I believe it’s a bad idea to leave kids to pick up on things themselves, especially with those out there whose goal it is to instill wrong. Educational systems run by those who believe you don’t own yourself have been part of a long game to mold people to the desires of those who enjoy power. If you know better, you counteract that.

This Is Bad

I have become a fan of Carly, but Fiorina supported an individual mandate in 2013. Not the same mandate. A more sensible mandate. However, it is wrong either way. No matter what the NSA has and allowed Obama to use on Justice Roberts to get a decision that says otherwise, the mandate is unconstitutional.
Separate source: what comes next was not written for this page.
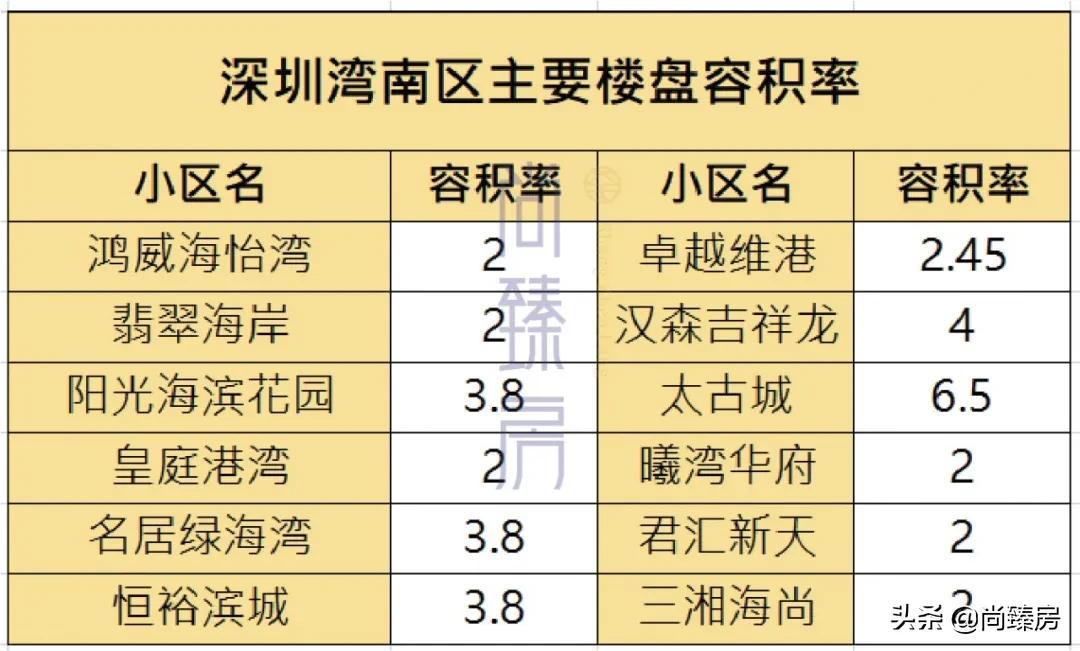 翡翠海岸值得买,深圳翡翠海岸值得买吗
I’m not convinced this destroys her chances utterly, and it’s going to be hard to do more than modify ObamaCare no matter who wins, but it certainly looks bad. You cannot, by definition, support and defend the Constitution of the United States of America if you support and pursue unconstitutional policies.
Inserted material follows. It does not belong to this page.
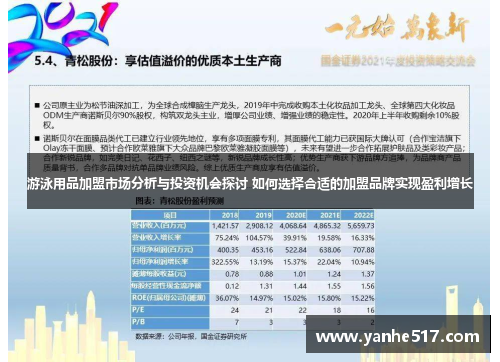 游泳用品加盟市场分析与投资机会探讨 如何选择合适的加盟品牌实现盈利增长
The problem may be a corporate background informing her views. The trouble with Republicans is that it’s OK if a corporation does it, the way a Democrat considers it good if the government does it, but then that extends to it being OK if the government does something of benefit to corporation(s). If you see an individual mandate as somehow benefiting business, especially big business, you are more likely to support it as a Republican. No principles need apply.

Perhaps it’s already time to bring back Rick Perry. He has the problem of invoking Jesus, but not to the extent of being a Christian theocrat as some Republicans might be.

Candidate Questions

This is a fun set of questions, taylored for each of the Republican candidates. One question. One followup. Since I haven’t examined every single candidate as closely as someone interested in political blogging could have, I learned a couple things. I agree on many points. This seems to be heavy on losing the religious angle some bring to the table. That’s a Good Thing. Religion should never be a factor in how a candidate or party campaigns or governs.

Bush has no serious chance anyway, but supporting gun control? That’s poison. Even Democrats are best of leaving that alone. It’s at least as much a lost cause as, say, gay marriage. More so, in that it has the Constitution more clearly and explicitly behind it, and the Constitution in that case is simply affirming the government will not interfere with a right that precedes and is not based in government.

I tend to agree on Carson. Why? How will he survive? Perhaps he’d be best off as Carly’s VP.

Speaking of Carly, she’s doing pretty well if the crony question is the worst you can come up with. Valid, perhaps, but a relatively modest concern.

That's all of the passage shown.